Segment Start: SOURCE MATERIAL

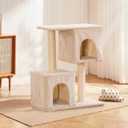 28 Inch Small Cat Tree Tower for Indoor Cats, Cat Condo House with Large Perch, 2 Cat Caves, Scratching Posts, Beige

Segment End: SOURCE MATERIAL
Segment Start: SOURCE MATERIAL

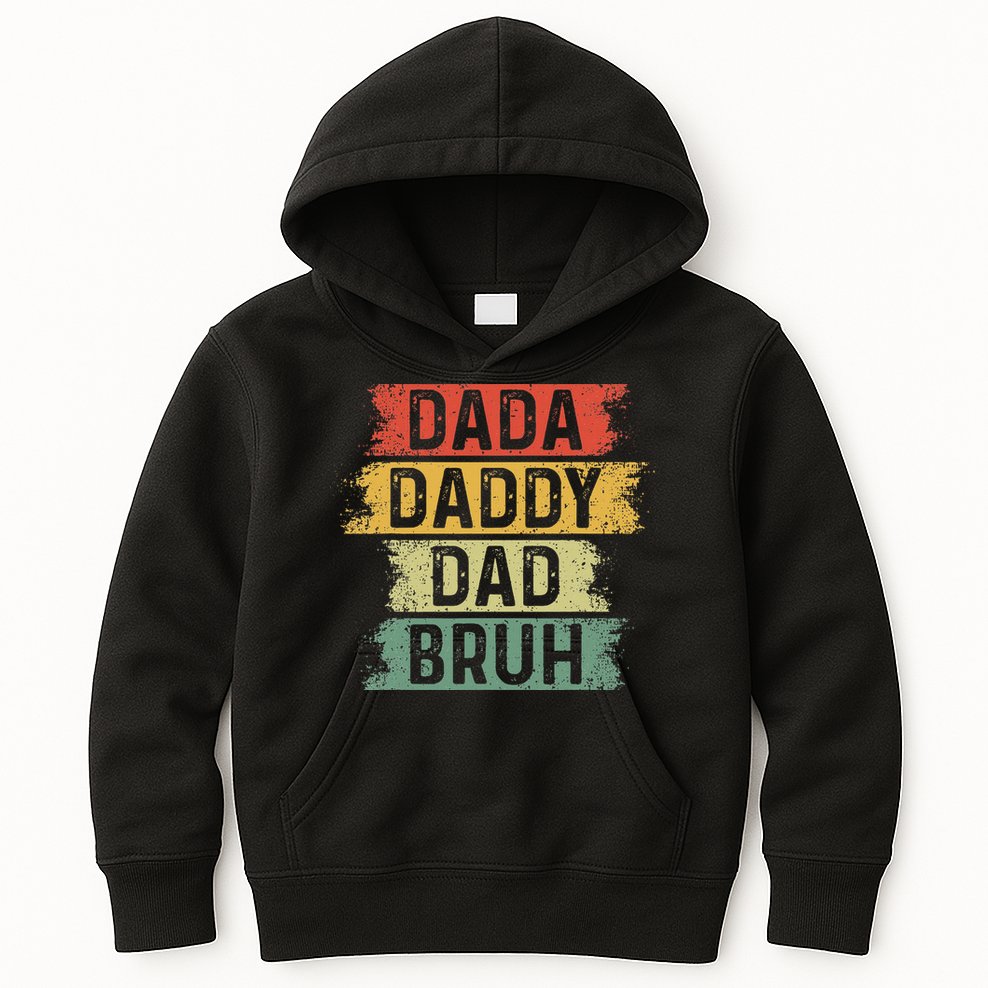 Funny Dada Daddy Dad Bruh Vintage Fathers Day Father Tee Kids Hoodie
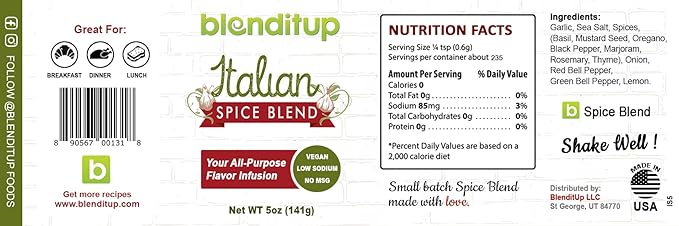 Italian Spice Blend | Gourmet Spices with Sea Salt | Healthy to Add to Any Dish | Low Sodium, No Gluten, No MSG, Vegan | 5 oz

Segment End: SOURCE MATERIAL

**YOUR ASSIGNMENT:**
Only the lines starting at the one that includes "Funny Dada Daddy" and ending at the one that includes "Italian Spice Blend" should be retyped, exactly, from the records above; no pictures.

**ANSWER BELOW:**
 Funny Dada Daddy Dad Bruh Vintage Fathers Day Father Tee Kids Hoodie
 Italian Spice Blend | Gourmet Spices with Sea Salt | Healthy to Add to Any Dish | Low Sodium, No Gluten, No MSG, Vegan | 5 oz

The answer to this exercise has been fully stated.